# DATA PROVIDED
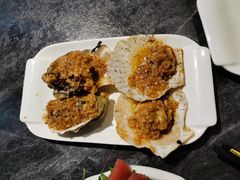 -大铁勺新津菜(东丽阳光新业广场店)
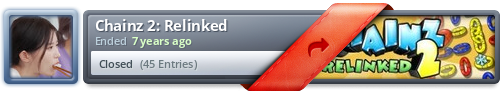 signature.png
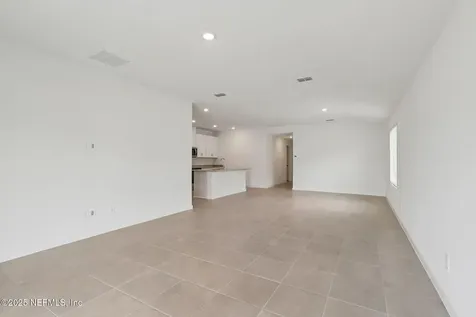 3013 Bella Collina Way Green Cove Springs FL 32043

# TASK ITEM
Return the listing exactly as it appears, excluding any image.

# ANSWER FOR THIS EXERCISE
 -大铁勺新津菜(东丽阳光新业广场店)
 signature.png
 3013 Bella Collina Way Green Cove Springs FL 32043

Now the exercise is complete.